First, on a windy morning in mid-May, Mary Sisley turned up in the waiting room with her niece and acted, rather endearingly, as if she owned the place. She must have been a model patient in rehab, as she was managing her new prosthesis beautifully, and a long, voluminous and very pretty skirt ensured that no one would have guessed it wasn't her own leg.

'I told her, Black Mountain Hospital, Accident and Emergency Department,' she explained loudly to Wendy Boyle, who was triaging each patient that day, as she had been on the day when they'd first met Mary. 'Lots of bleeding. Don't muck about. That needs stitches, my girl. Sister Lucy Beckett and Dr Malcolm Lambert. So here we are!'

'I cut it on a can of cat food,' the younger Mary explained to Lucy, once she'd been taken to a cubicle. She showed Lucy the pad of flesh below her thumb, where a nasty-looking gash was rapidly soaking a makeshift wad of bandage.

'It
does
need stitches,' Lucy agreed. 'Dr Lambert will be here in a minute.'

Normally, he wouldn't have handled a routine case like this, and neither would Lucy, but things were relatively quiet and Wendy had murmured to Lucy, 'I thought you'd both like to have a chat to her and see how she is. I'll never forget that day!'

'I did have a nightmare about it a couple of weeks ago,' Lucy admitted.

To Mary Jones, in one of the treatment cubicles, she explained, 'You'll have a local anaesthetic, which will sting a bit, but the stitches themselves shouldn't hurt. It looks like a clean cut, so I doubt whether Dr Lambert will suggest antibiotics. He'll use something topical on the wound itself.'

Mary's aunt patted her arm condescendingly and said, 'See!' It was as if her own visit to A and E had been an unqualified success and little black guns hadn't entered the affair at all.

Malcolm came in. 'Ah!' he said. 'Our friend Mrs Sisley. How are you getting about, Mary?'

'Oh, I move like the breeze.'

'Yes,' retorted her niece with a good-humoured frown. 'You moved like the breeze right into me in the kitchen this morning, and that's how I cut my hand!'

'But I make myself useful...'

'Oh, you do, Auntie Mary, you do,' the younger Mary said soothingly. 'She's split a
huge
pile of kindling for our slow-combustion stove over the past two weeks.'

'I did it sitting down!'

'We're set for the whole winter now.'

The cut hand was soon carefully stitched. There was no muscle or tendon damage, and the two Marys went on their way.

'Strong characters, both of them,' Malcolm commented to Lucy.

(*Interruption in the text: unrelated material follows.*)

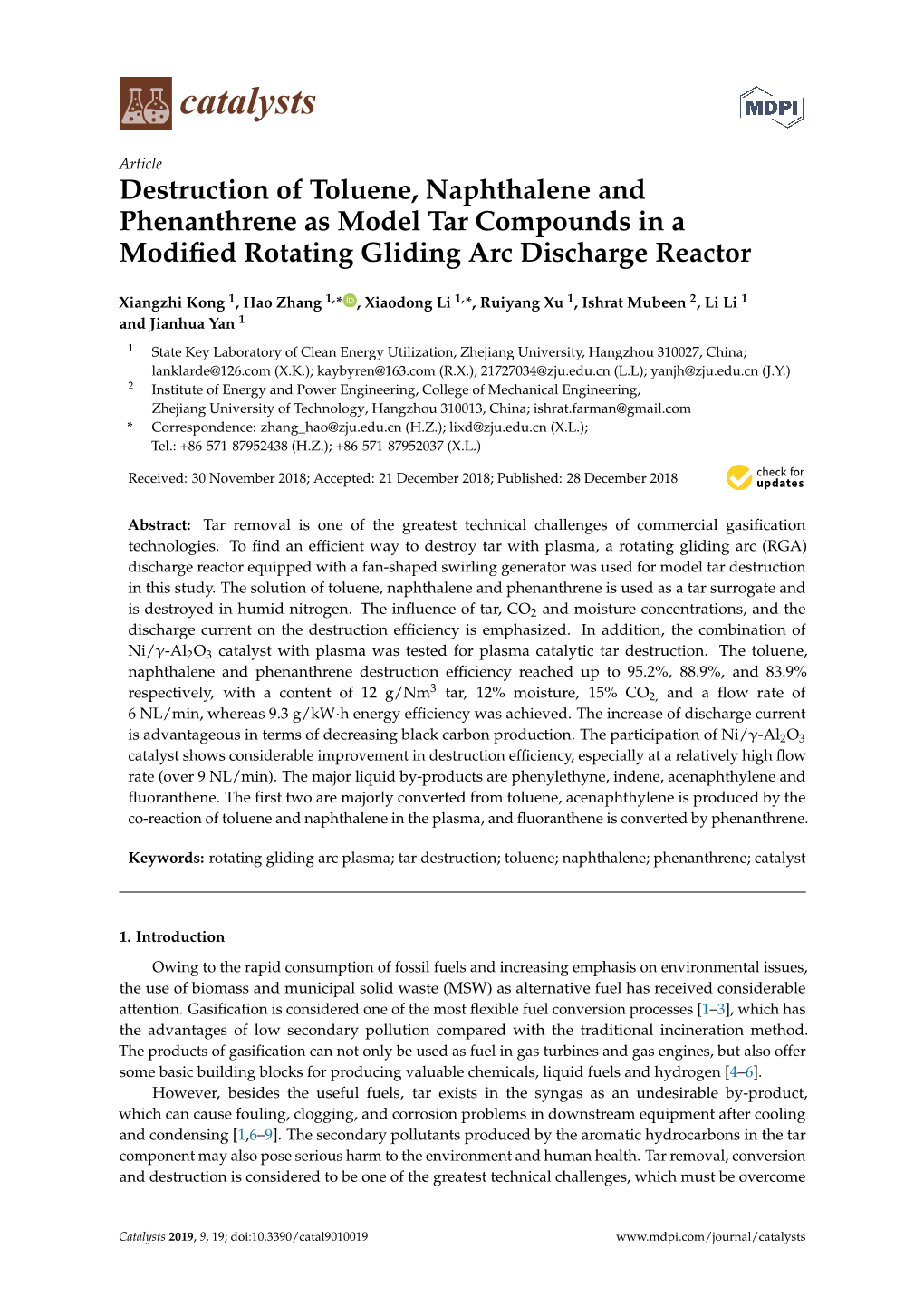 Destruction of Toluene, Naphthalene and Phenanthrene As Model Tar Compounds in a Modiﬁed Rotating Gliding Arc Discharge Reactor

'I know. It's not everyone who can live with mental illness the way Mary's niece is.'

'And you can see how hard Mrs Sisley is trying. She appreciates the support. I doubt whether she'll do anything to jeopardise it—like stopping her medication—if she can possibly help it.'

Their second familiar patient, a week later, was also dealing confidently yet realistically with his condition.

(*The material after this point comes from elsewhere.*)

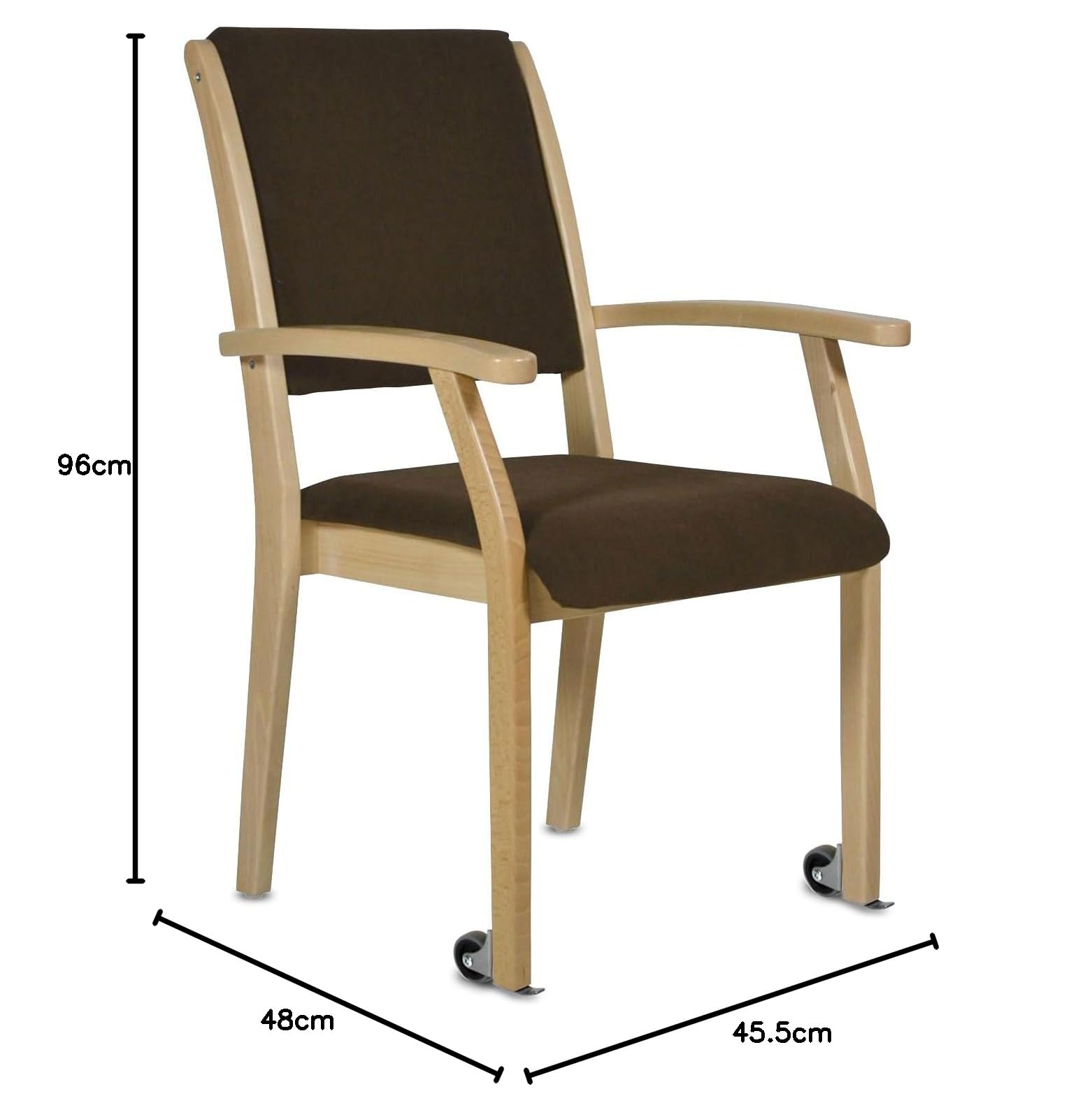 Devita Stuhl für Senioren Kerry mit Rollen Verschiedene Sitzhöhen - Holzfarbe: Buche hell - Microfaser Braun - Sitzhöhe: 46 cm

'I remembered what you said about Chiari symptoms,' Sam Ackland said. 'And I think this is them. My doctor's on holidays at the moment, and I don't know his locum, so I thought I'd rather come to you. If it
is
Chiari, then I'll probably need to be admitted anyway, won't I?'

'I expect so,' Malcolm agreed, while Lucy stood by in case she was needed. 'What are the symptoms?'

'My legs feel weaker than usual, and tighter, too. My scoliosis has got worse quite quickly, even though I try to do my exercises.'

'Hmm. That doesn't sound like Chiari.'

They were both using the medical shorthand for a brain malformation common in spina bifida patients. Lucy didn't know much about it, only that it meant part of the brain was too low down towards the neck. It was named after the German pathologist who had discovered it over a hundred years earlier. In many cases it could be treated, and it could manifest itself unpredictably. In Sam's age group it was usually the result of a problem with the shunt that drained excess cerebrospinal fluid.